Thinking about ultrafilters a question came to my mind. Suppose that we have $A$ and $B$ two Boolean algebras such that $A\subseteq B$ and $U$ be an ultrafilter composed by elements of $B$. Is it true that $U\cap A$ is an ultrafilter on $A$?
Clearly $U\cap A$ is a filter on $A$. Only remains to prove the maximality. For this I cannot prove it but I tried:
Suppose $U\cap A$ is not an ultrafilter on $A$. Then there exist $\mathcal{F}$ an ultrafilter on $A$ such that $U\cap A\subsetneq \mathcal{F}$ (proper contention). Then there exist $F\in\mathcal{F}$ such that $F\notin U\cap A$. But then $F\notin U$. From here I don't know how to continue. I think that we can use $F$ to construct a new filter that contains $U$ and $F$ to derive a contradiction with the maximality of $U$ in $B$. Any hint?
Your idea is correct. Consider the filter on $B$ generated by $U\cup\{F\}$. This will be a proper filter as long as there is no finite subset of $U\cup\{F\}$ whose meet is $0$. Since $U$ is closed under finite meets, this can only happen if some element $u\in U$ is disjoint from $F$. But then $u\leq \neg F$ so $\neg F\in U$. But $\neg F\in A$ so $\neg F\in U\cap A\subseteq\mathcal{F}$, which is a contradiction since $F\in\mathcal{F}$.

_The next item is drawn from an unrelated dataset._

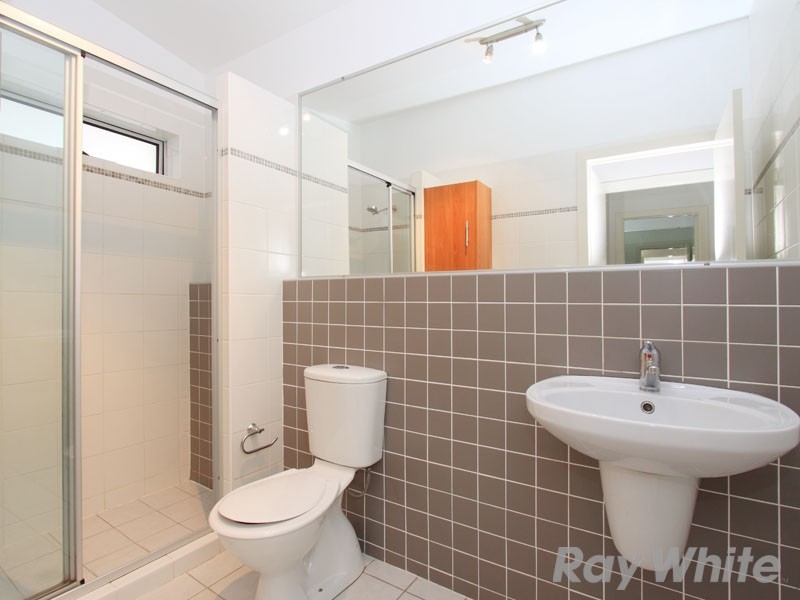 5/56 Hilltop Avenue, Chermside QLD 4032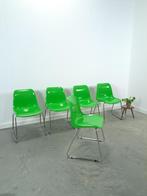 groen kunststof buisframe stoel Starke Zwede, eetkamerstoel, Gebruikt, Overige kleuren, Ophalen of Verzenden, Scandinavisch eetkamerstoel kunststof groen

Or more simply: a filter is an ultrafilter iff for any $a$, exactly one of $a$ and $\neg a$ is in the filter. It is then trivial that if $U$ satisfies this condition as a filter on $B$, then $U\cap A$ satisfies it as a filter on $A$. (More generally, this characterization is typically the "right" way to think about ultrafilters; the fact that it is equivalent to being a maximal proper filter is somewhat of a coincidence.)